# What is x after "x = x++"? – Dev

The best answers to the question “What is x after "x = x++"?” in the category Dev.

QUESTION:

What happens (behind the curtains) when this is executed?

``````int x = 7;
x = x++;
``````

That is, when a variable is post incremented and assigned to itself in one statement? I compiled and executed this. `x` is still 7 even after the entire statement. In my book, it says that `x` is incremented!

`x` does get incremented. But you are assigning the old value of `x` back into itself.

``````x = x++;
``````
1. `x++` increments `x` and returns its old value.
2. `x =` assigns the old value back to itself.

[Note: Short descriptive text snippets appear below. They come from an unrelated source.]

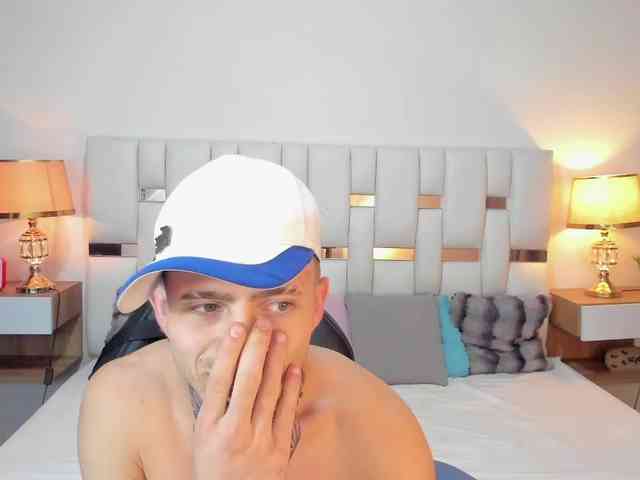Zeusdamian21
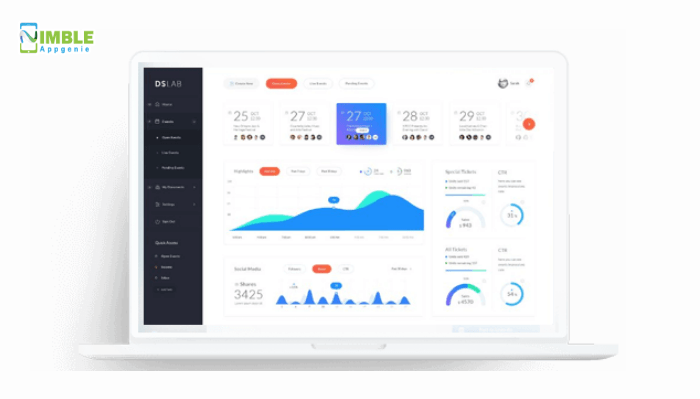 Sports Betting Apps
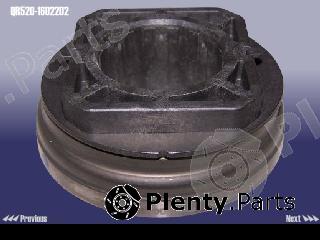 Genuine CHERY part QR5201602202 Replacement part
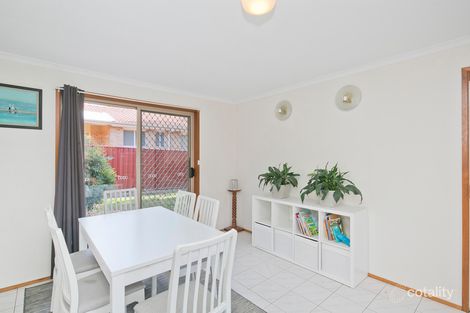 Property photo of 15/61 Derrington Crescent Bonython ACT 2905
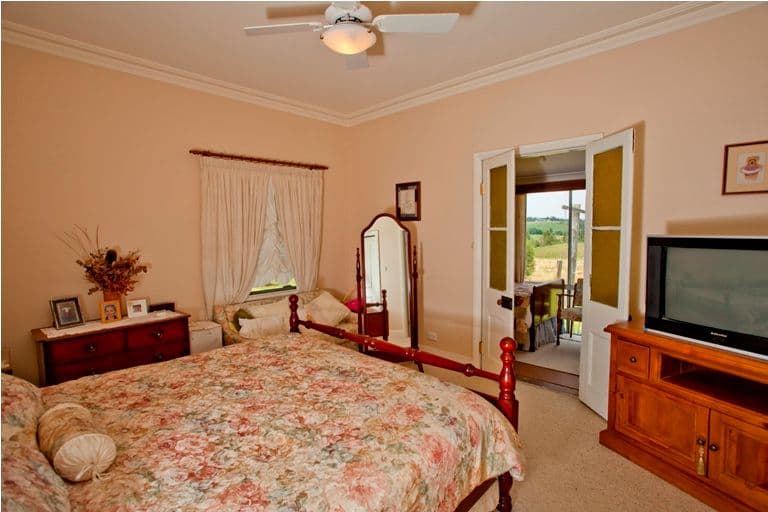 1000 Summer Hill Road, VACY NSW 2421, Vacy - Thumbnail 6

So in the end, `x` gets assigned back to its initial value.

``````x = x++;
``````

is equivalent to

``````int tmp = x;
x++;
x = tmp;
``````

``````int x = 7;
x = x++;
``````

It has undefined behaviour in C and for Java see this answer. It depends on compiler what happens.

The statement:

``````x = x++;
``````

is equivalent to:

``````tmp = x;   // ... this is capturing the value of "x++"
x = x + 1; // ... this is the effect of the increment operation in "x++" which
//     happens after the value is captured.
x = tmp;   // ... this is the effect of assignment operation which is
//     (unfortunately) clobbering the incremented value.
``````

In short, the statement has no effect.

The key points:

• The value of a Postfix increment/decrement expression is the value of the operand before the increment/decrement takes place. (In the case of a Prefix form, the value is the value of the operand after the operation,)

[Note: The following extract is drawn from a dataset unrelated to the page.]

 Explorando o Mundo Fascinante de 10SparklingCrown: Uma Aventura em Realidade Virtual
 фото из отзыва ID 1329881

• the RHS of an assignment expression is completely evaluated (including any increments, decrements and/or other side-effects) before the value is assigned to the LHS.

Note that unlike C and C++, the order of evaluation of an expression in Java is totally specified and there is no room for platform-specific variation. Compilers are only allowed to reorder the operations if this does not change the result of executing the code from the perspective of the current thread. In this case, a compiler would be permitted to optimize away the entire statement because it can be proved that it is a no-op.

In case it is not already obvious:

• “x = x++;” is almost certainly a mistake in any program.
• The OP (for the original question!) probably meant “x++;” rather than “x = x++;”.
• Statements that combine auto inc/decrement and assignment on the same variable are hard to understand, and therefore should be avoided irrespective of their correctness. There is simply no need to write code like that.

Hopefully, code checkers like FindBugs and PMD will flag code like this as suspicious.